┏━━

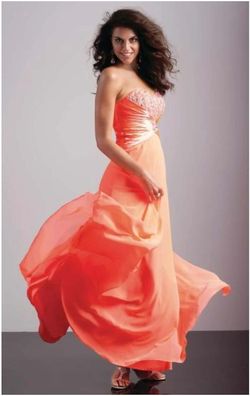 Style 93212 MoriLee Orange Size 4 Military Floor Length Tall Height A-line Dress on Queenly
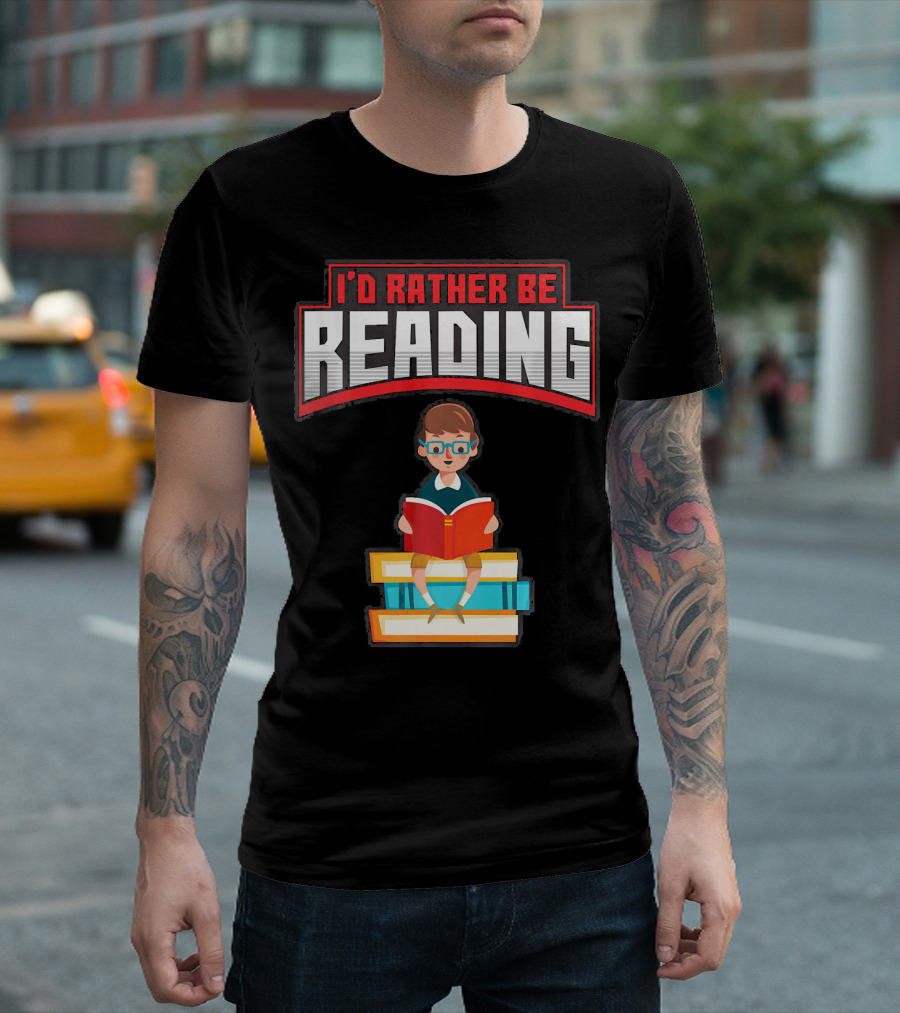 I'D Rather Be Reading Books Stack Glasses Boy T-Shirt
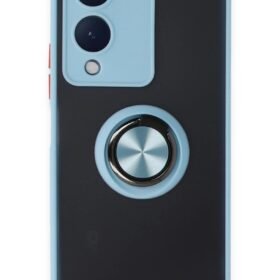 Vivo Y17S Kılıf Montreal Yüzüklü Silikon Kapak - Buz Mavi-(5796)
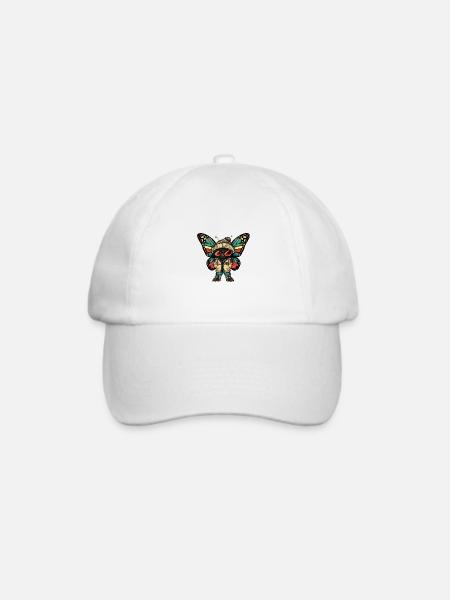 Schmetterling Winter - Baseballkappe - Weiß/Weiß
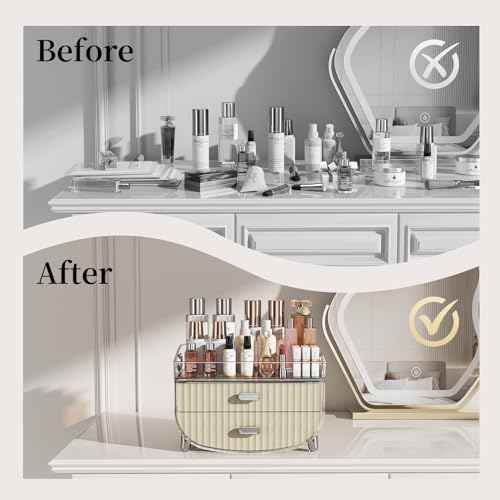 LAMU Makeup Organizer With 2 Drawers, Bathroom Storage With Four Non-Slip Feet And Dust-Proof, Simple And Stylish For Desktop, Vanity, Bathroom Countertops, White, Ideal Christmas Gifts for Girls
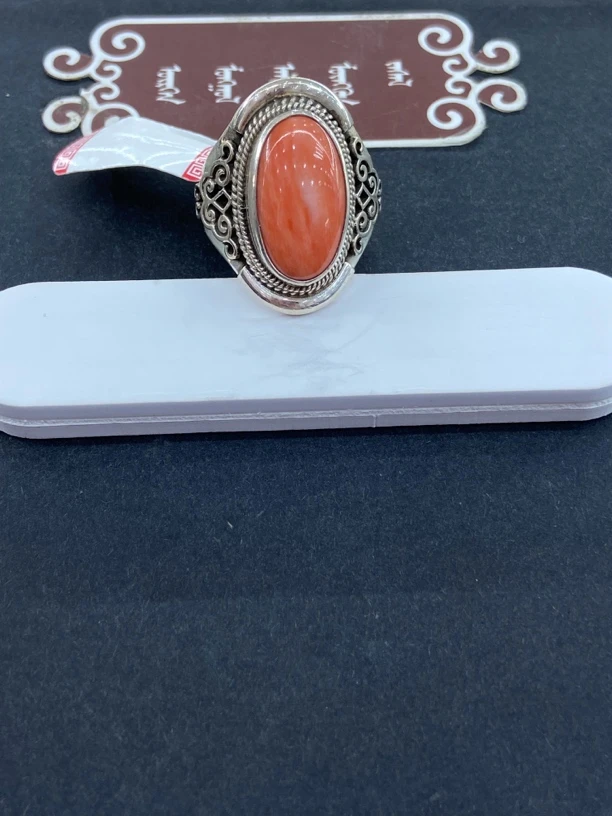 非金属亚克力戒指 真珊珊民族风手工银戒指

┗━━

■ **EXERCISE DETAILS**
Every entry must be retyped exactly, with the pictures removed.

■ **ANSWER SPACE**
 Style 93212 MoriLee Orange Size 4 Military Floor Length Tall Height A-line Dress on Queenly
 I'D Rather Be Reading Books Stack Glasses Boy T-Shirt
 Vivo Y17S Kılıf Montreal Yüzüklü Silikon Kapak - Buz Mavi-(5796)
 Schmetterling Winter - Baseballkappe - Weiß/Weiß
 LAMU Makeup Organizer With 2 Drawers, Bathroom Storage With Four Non-Slip Feet And Dust-Proof, Simple And Stylish For Desktop, Vanity, Bathroom Countertops, White, Ideal Christmas Gifts for Girls
 非金属亚克力戒指 真珊珊民族风手工银戒指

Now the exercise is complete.